Okay that probably sounds a little funny. That ain’t what I meant and shame on you for thinkin’ it. Put the smoke down. As you can see by the pic – I’m standing next to our little fall/winter garden. I’m talking about growing your own vegetables.

If you’ve read some of my other posts about nutrition then you know that I think as long as it’s natural food it’s okay. Getting over caught up on calorie counting or one macronutrient style is just useless overkill. But it’s hard to underestimate the importance of real chemically untainted food and to appreciate how much better real, naturally homegrown food actually tastes.
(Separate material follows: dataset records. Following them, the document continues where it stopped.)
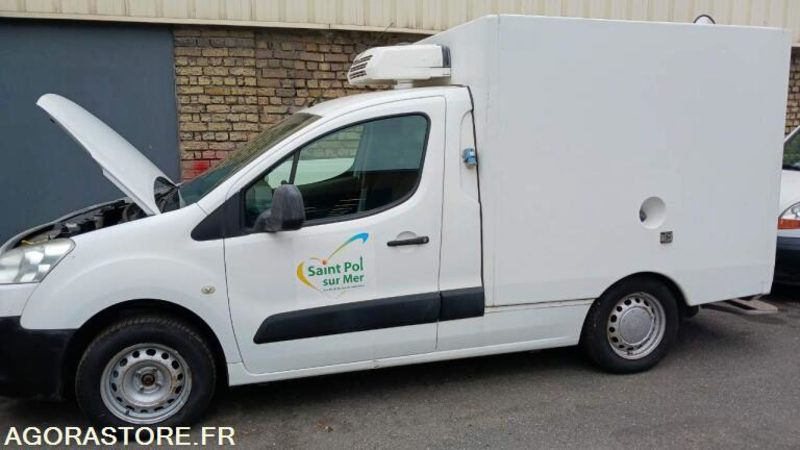 VEHICULE FRIGORIFIQUE PEUGEOT PARTNER AB519FR - Fourgonnette: photos 4 VEHICULE FRIGORIFIQUE PEUGEOT PARTNER AB519FR - Fourgonnette: photos 4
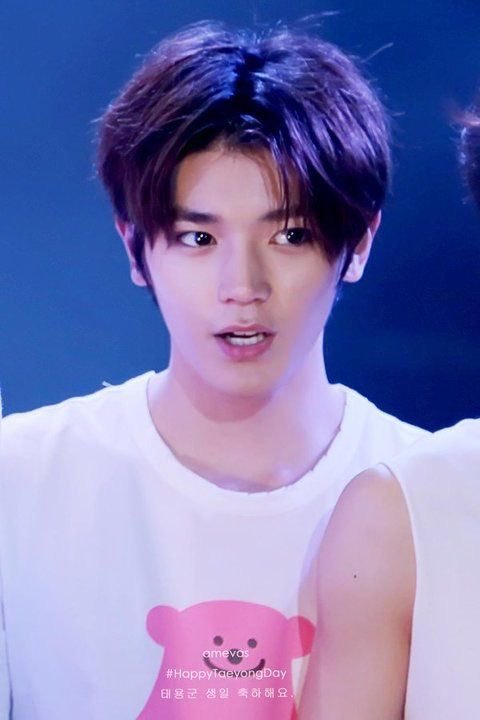 delphiniumTY's tweet photo. udah 10 tahun lebih tapi muka taeyong gak berubah, masih keliatan muda 🥹 https://t.co/zQXXvtWmhF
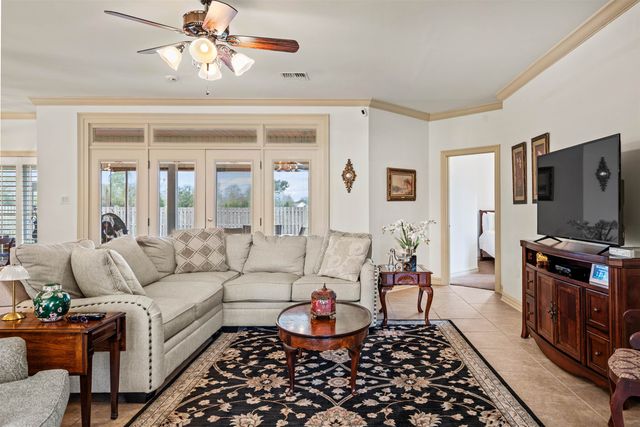 313 Donald Dr, Thibodaux, LA 70301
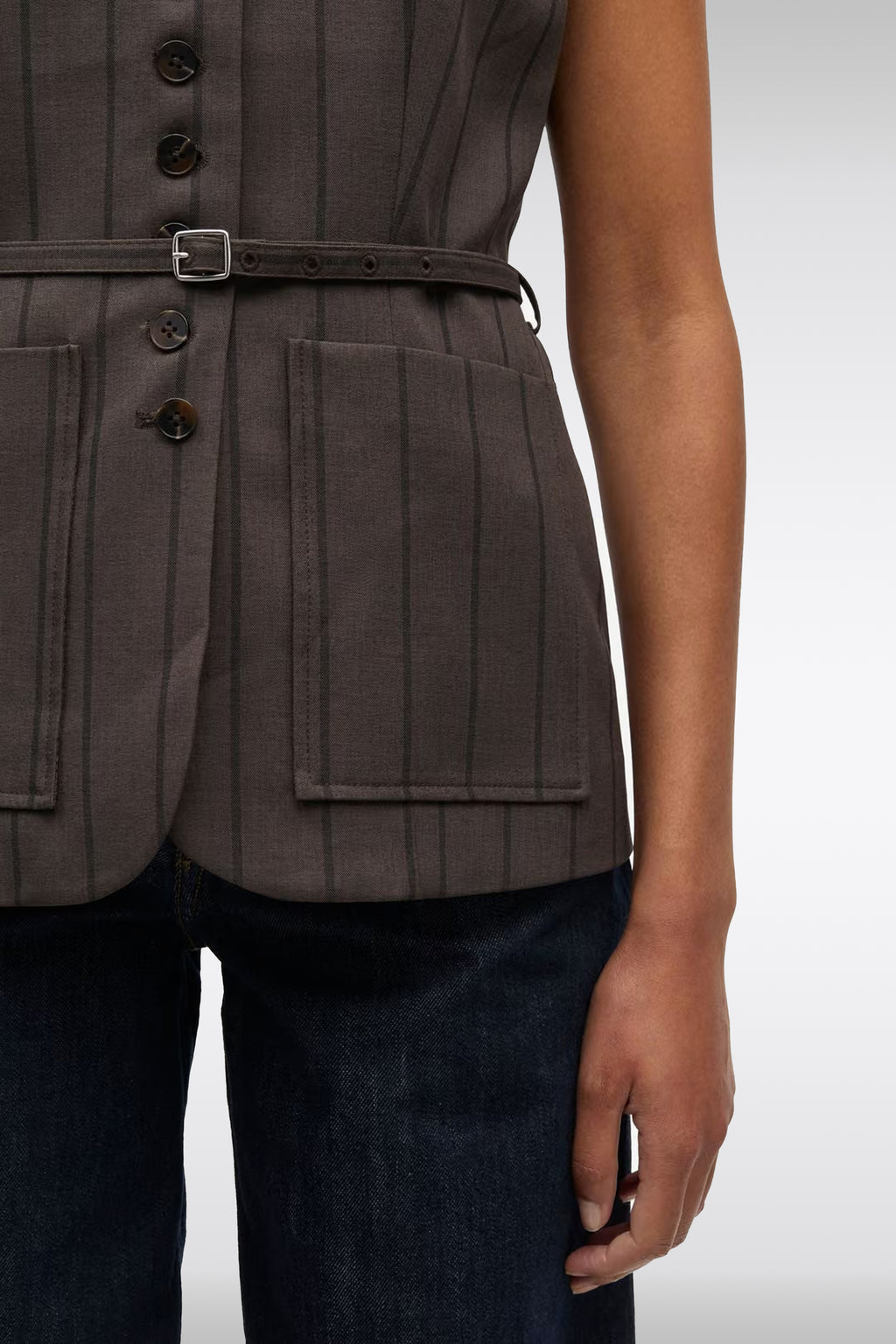 alt-image__Gilet-marrone-gessato-nero-con-collo-quadrato---Sahelly-Vest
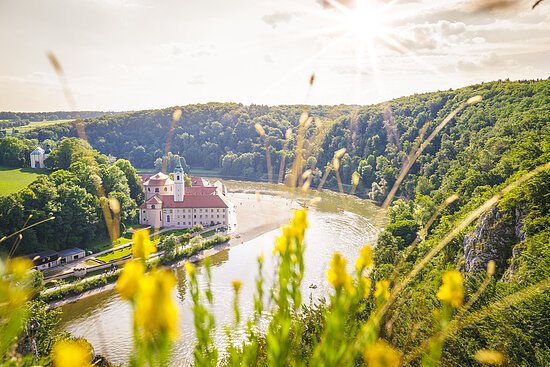 Vom Aussichtspunkt am Altmühltal-Panoramaweg hat man einen wunderschönen Blick auf den Donaudurchbruch und das Kloster Weltenburg. Zudem kann man seinen Blick ins Donautal schweifen lassen.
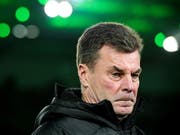 Dieter Hecking ist nur noch bis zum Ende der laufenden Saison Trainer von Borussia Mönchengladbach (Bild: KEYSTONE/EPA/SASCHA STEINBACH)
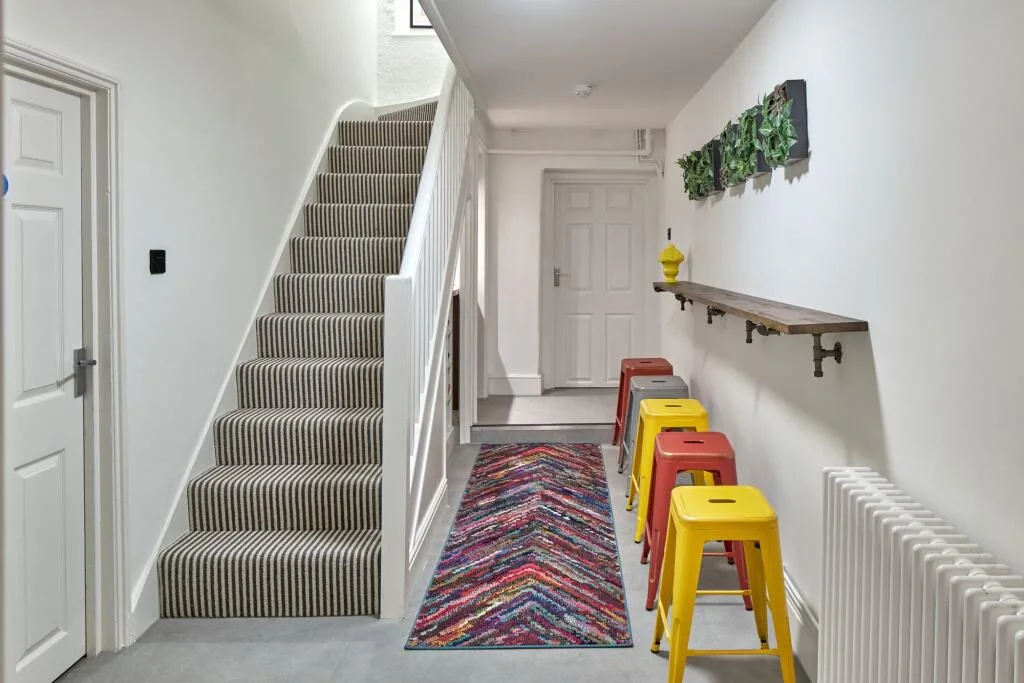 16 bedroom house of multiple occupation for rent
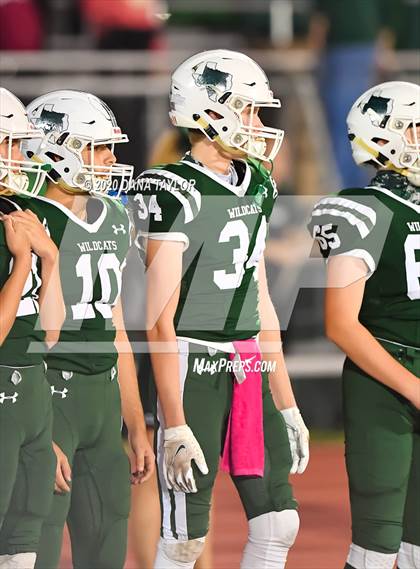 Thumbnail 2 in Santo vs Muenster (UIL 2A Bi-District Playoff) photogallery.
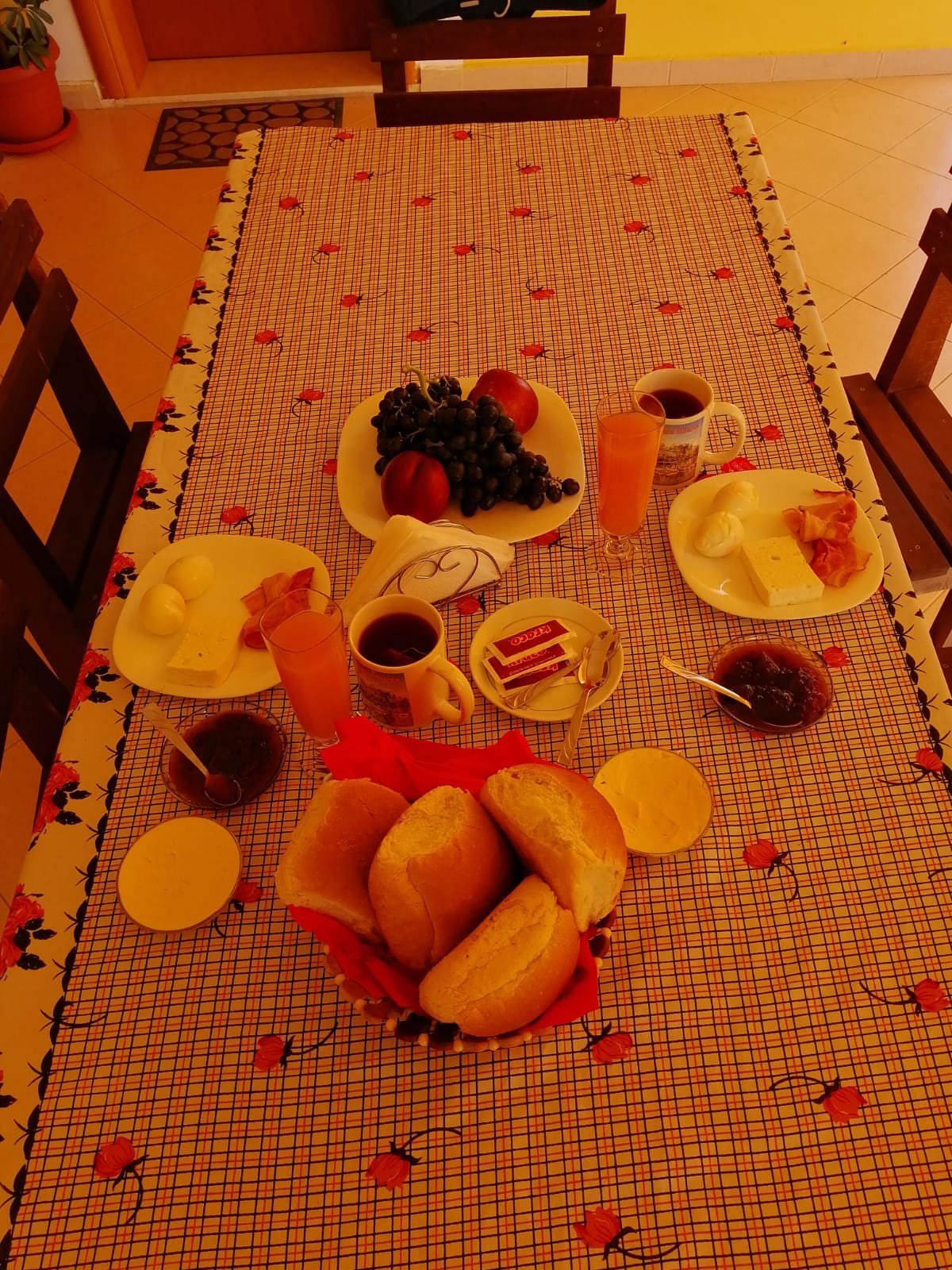 Guest House Fatos Biti-官方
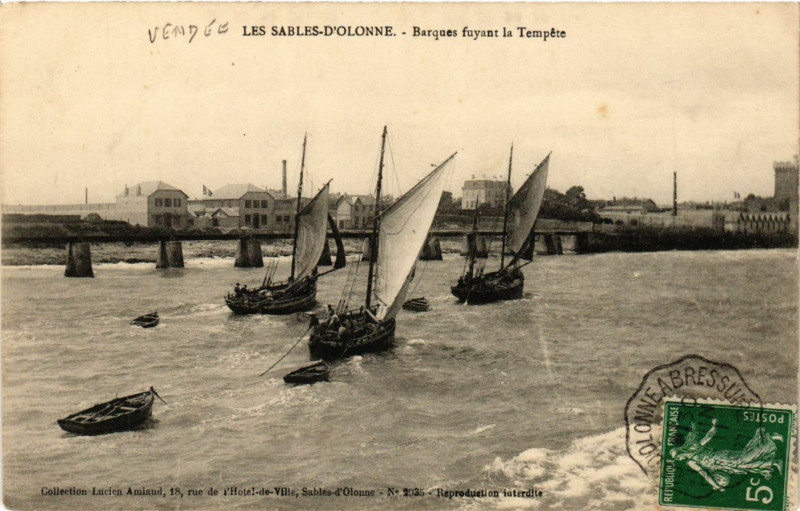 Carte postale ancienne Les Sables-d'Olonne - Barques fuyant la Templete aux Sables-d'Olonne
Now I grew up doing some moderate scale farming and the whole farm-boy corn-fed thing applies. You really do build bigger, better, stronger, healthier bodies on your own home grown food. Plus realistically on a small scale it’s not that hard to do and saves you a few bucks. You just can’t get food like that many times even at a farmer’s market.

In the little garden here we’ve got broccoli, onions, mustard greens, potatoes and squash. In just this little one here we can grow hundreds of dollars worth of produce for significantly less than $50 total in seed and fertilizer. The big thing is the vitamin content of these vegetables is unbeatable and you just can’t buy that in a store. In fact I recently heard one of the TV doctors say that they considered mustard greens a “super food,” because of their antioxidant and fiber content. They’re the easiest thing in the world to grow.

When you grow it you know exactly what goes in it. Plus it’s good for the planet and it’s a mind expanding, survival enhancing skill. You have a much greater appreciation for what it takes to actually provide for people and what it took for our ancestors to provide for themselves. You can get a real sense of what the people of yesteryear went through. It makes you better.

Plus it can actually get fun. My wife is looking at me with an evil eye right now. Mostly because she’s been through a decade and a half of corn harvests with me and in the heat of summer in Florida that’s just not a lot of fun. But there’s something intensely satisfying and connecting to see the vegetables grow and the work you put in come to fruition.

It can be much the same experience as training. To see the knowledge and effort you put in actually translate to more muscle or less fat or bigger lifts or better endurance or better sports performance or greater health.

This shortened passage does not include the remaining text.